• What to work on: Images should be omitted while the rest of the data is duplicated exactly.

-------- Exercise data --------

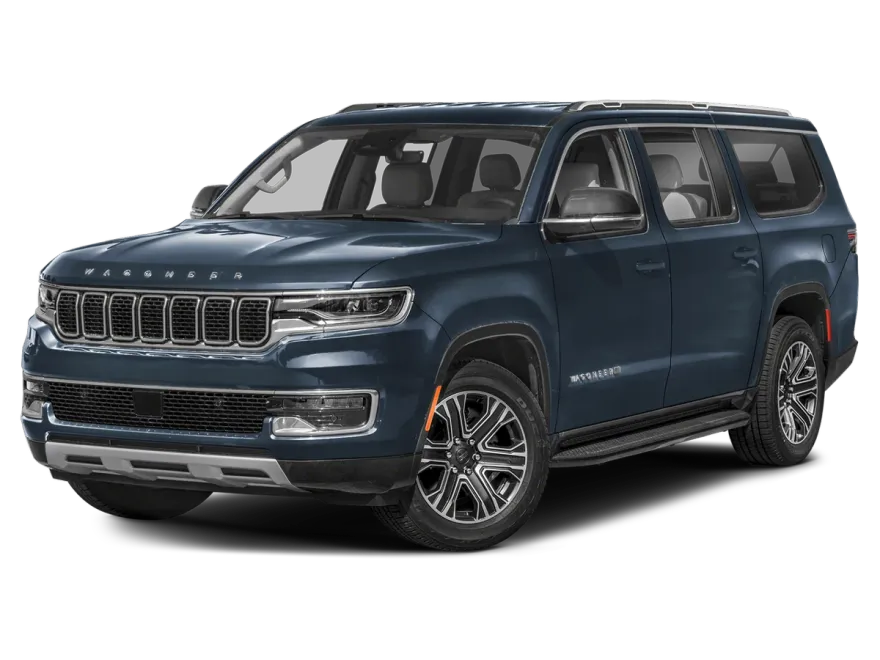 2025 Jeep Wagoneer L Carbide photo 1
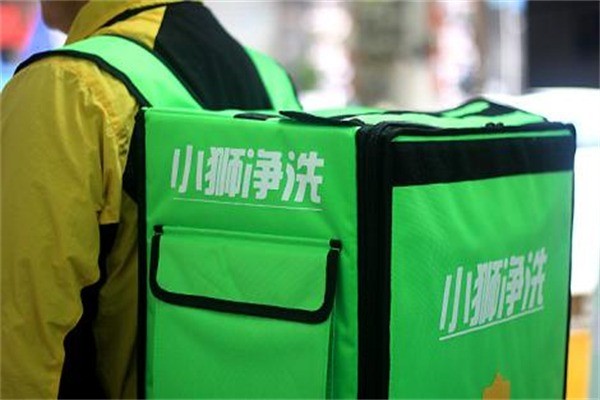 小狮净洗店产品 门店图片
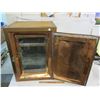 Image 2 : Antique Copper Lined Cabinet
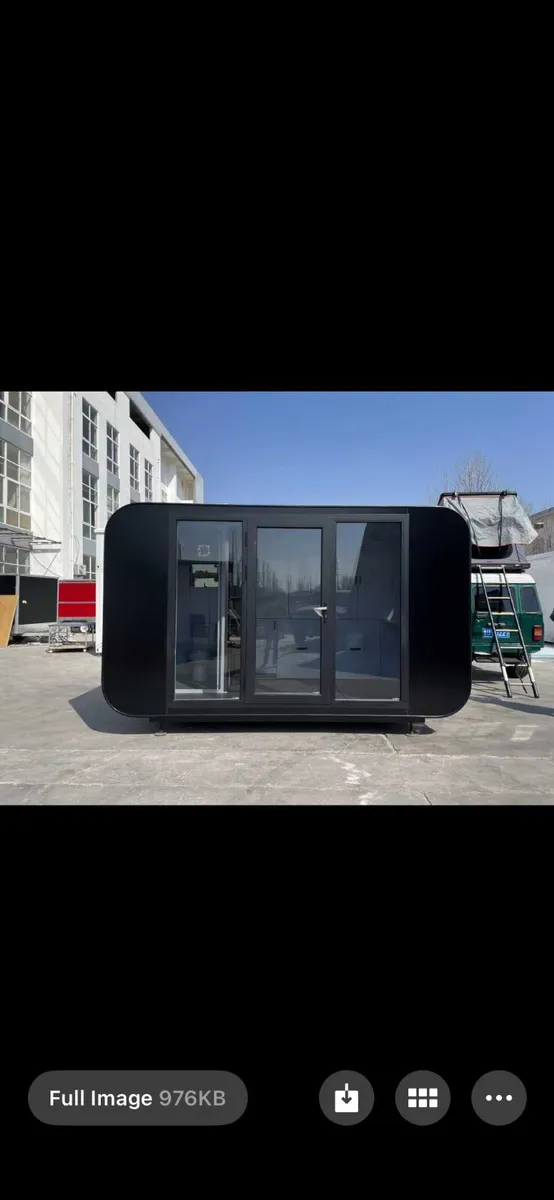 4M Pod House Office Garden  Home  glamping - Image 1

--------

• Task answer:
 2025 Jeep Wagoneer L Carbide photo 1
 小狮净洗店产品 门店图片
 Image 2 : Antique Copper Lined Cabinet
 4M Pod House Office Garden  Home  glamping - Image 1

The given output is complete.